#### SUPPLIED DATA

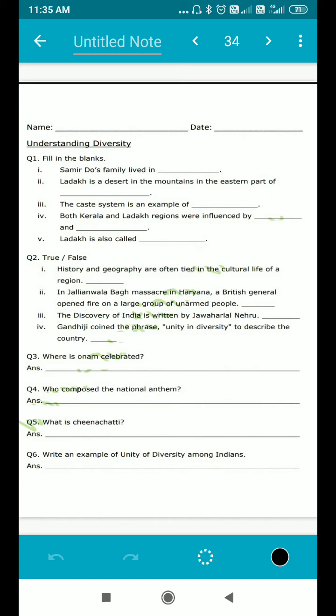Good morning everyone. Today we will be doing a worksheet on understanding diversity. There are a few questions and you have to attempt them. I will also provide you with a PDF so that you can print it out if you can, otherwise you can just note it down in your notebook.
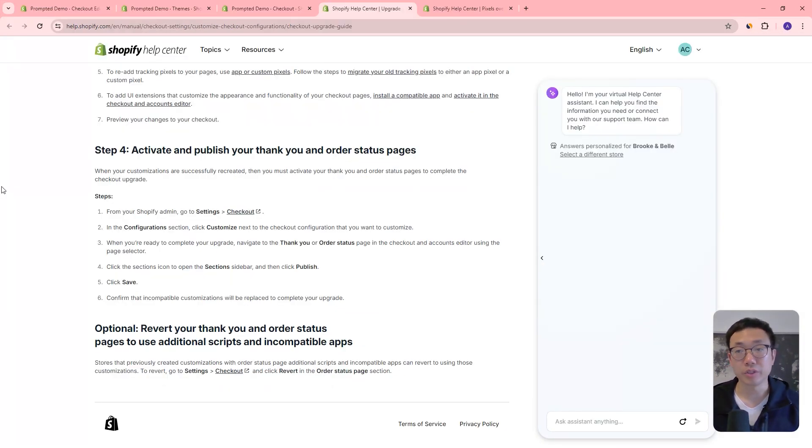Once you've done that, you should be able to use the checkout configurations with the thank you page and order status page customizations you want. So that's our quick overview of this new editor for the checkout and accounts pages. You don't get a ton of new features, but you do get to edit the thank you page and order status page, including bringing in app blocks and placing them in different spots. We have this new customer events area for pixels, and we can brand checkout pages with our own custom domains. If you want more features than that, unfortunately that's still only available for Shopify Plus users.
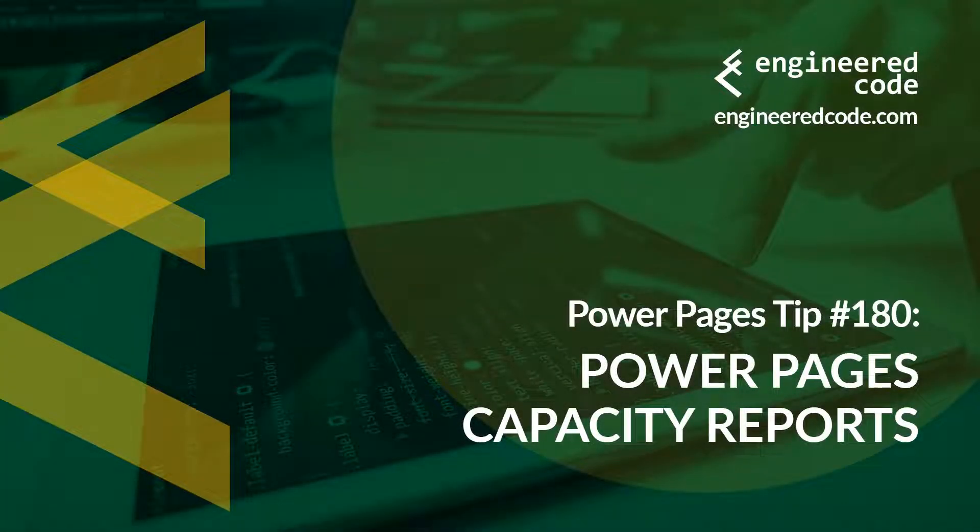Hello everyone, and welcome to Power Pages Tips. My name is Nicholas Hadouk, and this is tip number 180, Power Pages Capacity Reports.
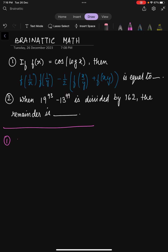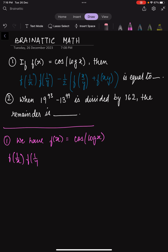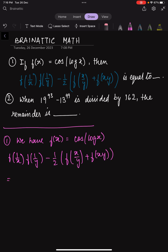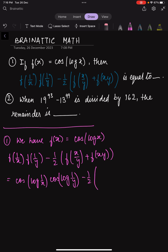So as you can see, we have f of x given to us as cos of log x. Now if we apply the value of f of x to the given function, we get: cos of log(1/x) times cos of log(1/y) minus half times the whole of cos of log(x/y) plus cos of log(xy).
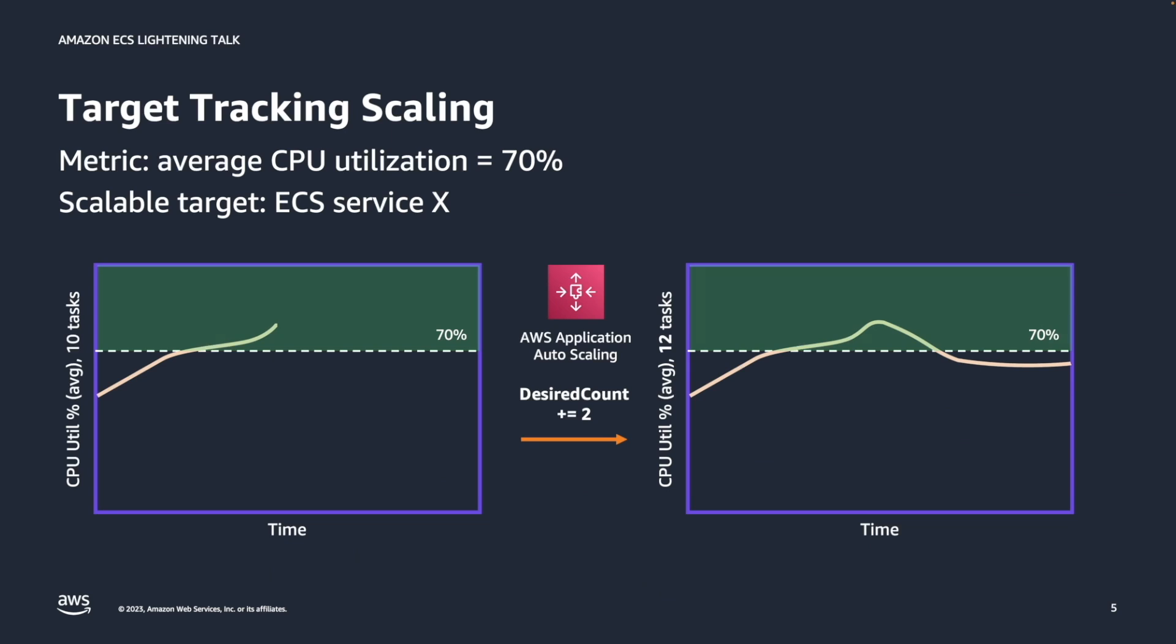We are now in breach and application autoscaling is going to react by increasing my task count from 10 to 12. And then in some time, what's going to happen is the amount of average CPU utilization is going to fall, and we are going to approach that 70% target value that we want. So this is fairly straightforward and very simple to understand and used by majority of customers.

########

§ TASK DETAILS
Look above for the line with "Hello everyone, and" and the line with "So as you can". Copy them and every line between, exactly, but no pictures.

§ TASK RESPONSE
Hello everyone, and welcome to Power Pages Tips. My name is Nicholas Hadouk, and this is tip number 180, Power Pages Capacity Reports.
So as you can see, we have f of x given to us as cos of log x. Now if we apply the value of f of x to the given function, we get: cos of log(1/x) times cos of log(1/y) minus half times the whole of cos of log(x/y) plus cos of log(xy).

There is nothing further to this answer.